SFC12 ist nur für interne DP-Schnittstellen, mit CP342-5 als Master geht das laut Siemens-Support nicht. Ich weiß leider auch nicht, ob es da eine andere Möglichkeit gibt.

Grüße von HaDi


----------



## Eliza (17 Oktober 2008)

Danke HaDi, das war jetzt leider nicht das, was ich hören wollte....
Hat vielleicht sonst jemand eine Idee, wie ich die Slaves abschalten kann?
Könnte ich nicht die beiden Profibus-Systeme tauschen, oder hätte das gravierenden Einfluss auf die Failsafe-Baugruppen, die ja dann am CP hängen würden?


----------



## vierlagig (17 Oktober 2008)

müßte das denn nicht mit FC4 DP_CTRL gehen 



> Bedeutung des Bausteins
> 
> Der FC-Baustein DP_CTRL übergibt Steueraufträge an den PROFIBUS-CP.  Durch Angabe eines Auftragsblockes (Parameter CONTROL) wird der Steuerauftrag näher spezifiziert.
> Es werden folgende Auftragsarten unterschieden:
> ...


----------



## Deltal (17 Oktober 2008)

Die F-Gruppen kannst du nur an die CPU hängen.

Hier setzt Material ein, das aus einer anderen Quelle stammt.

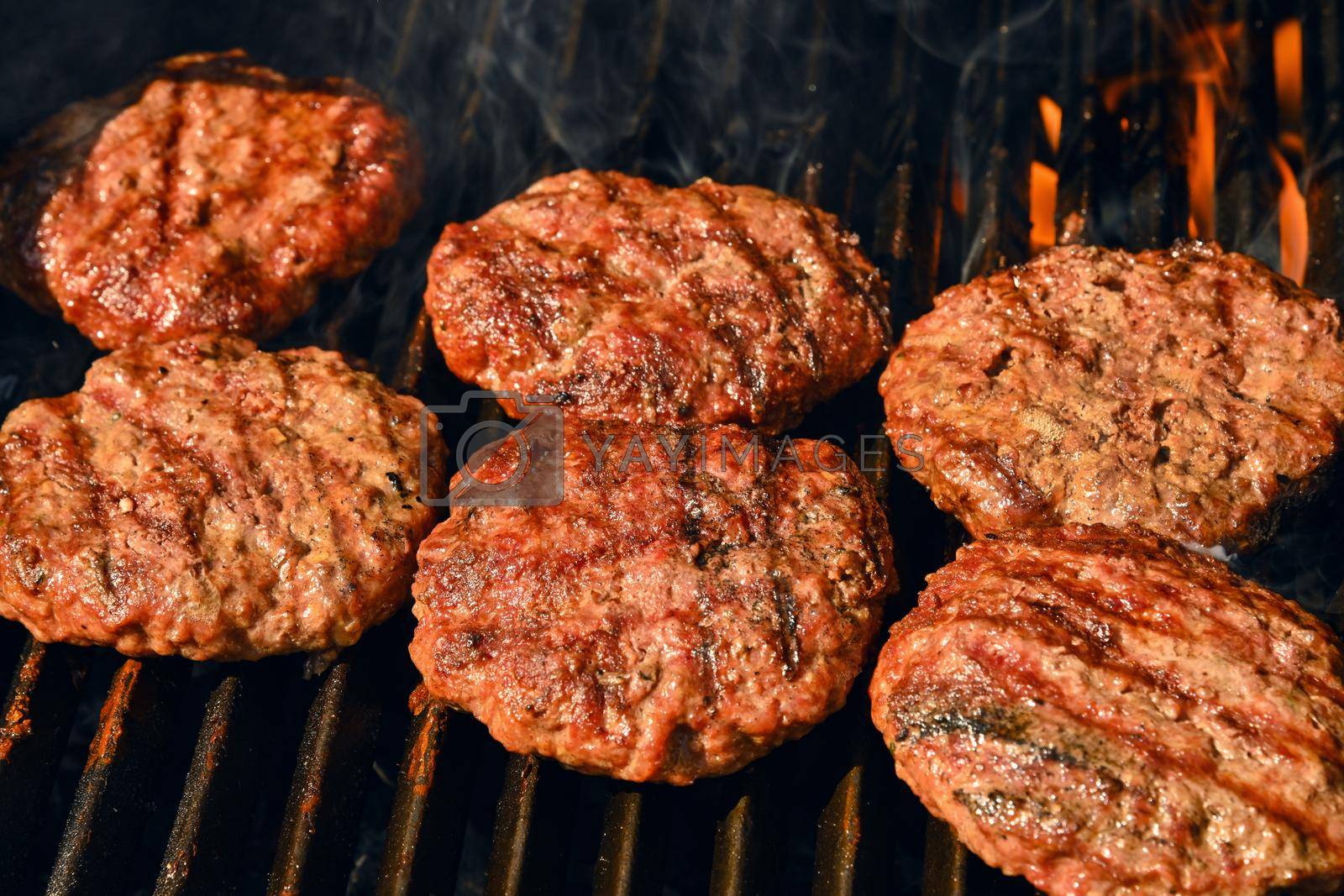 Royalty free image of Beef burger for hamburger on barbecue grill by BreakingTheWalls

Wie wäre es mit einer 317F mit zwei DP-Schnittstellen?


----------



## Eliza (17 Oktober 2008)

Deltal schrieb:


> Die F-Gruppen kannst du nur an die CPU hängen.
> 
> Wie wäre es mit einer 317F mit zwei DP-Schnittstellen?


 
Die hätte ich gerne, kriege ich aber nicht...


----------